La segunda de las historias que transitan este libro es menos académica y más personal: se refiere al deus ex machina que podría resolver el gran misterio de los fósiles de Atapuerca y que se ha convertido en un objetivo buscado casi hasta la obsesión por sus descubridores: ¿es posible que la configuración de los hallazgos más importantes de estos yacimientos nos esté indicando la presencia tempranísima de una mente trascendente en el ser humano?

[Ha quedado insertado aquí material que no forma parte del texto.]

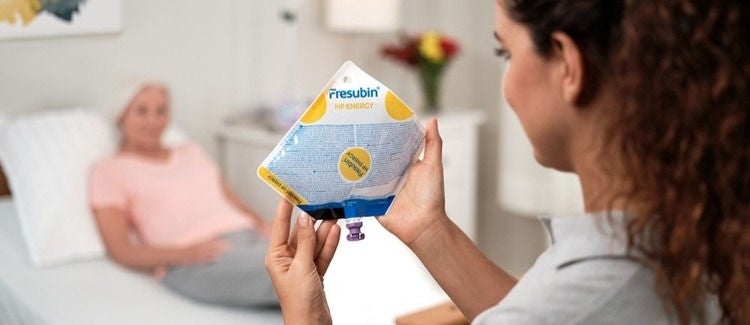 Sveikatos priežiūros specialistė laikanti enterinės mitybos mišinio maišą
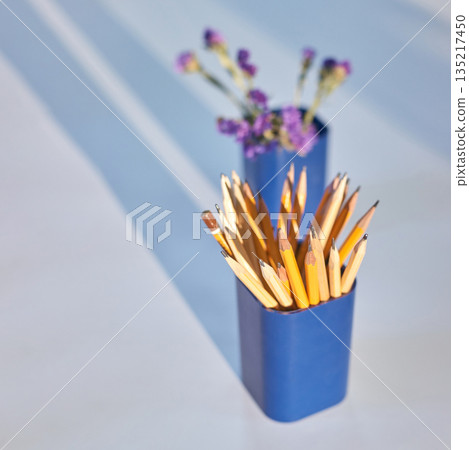 Arrangement of yellow pencils in blue holder with purple flowers in soft light Arrangement of yellow pencils in blue holder with purple flowers in soft light 135217450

La historia ya la ha explicado Arsuaga en otras obras: el hombre y la mujer de Atapuerca, en concreto la población de heidelbergensis de la Sima de los Huesos, pudieron haber practicado enterramientos rituales. De ser así, como parece indicar la disposición de los fósiles en la sima y el hallazgo de lo que podrían ser piezas rituales funerarias, aquellos homínidos se habrían reunido "juntos, graves y sobrecogidos" en torno a un mismo rito, que les enfrentaba a lo que Arsuaga llama "el misterio, lo que está más allá de donde alcanzan los sentidos, lo que no se ve, la otra orilla".
La reconstrucción de ese concepto de misterio, hasta ahora sólo conocido en dos especies de los billones que han habitado la biosfera (el neandertal y el Homo sapiens), es la parte más bella de esta bella obra. Quizás porque todavía seguimos preguntándonos por nuestro propio misterio.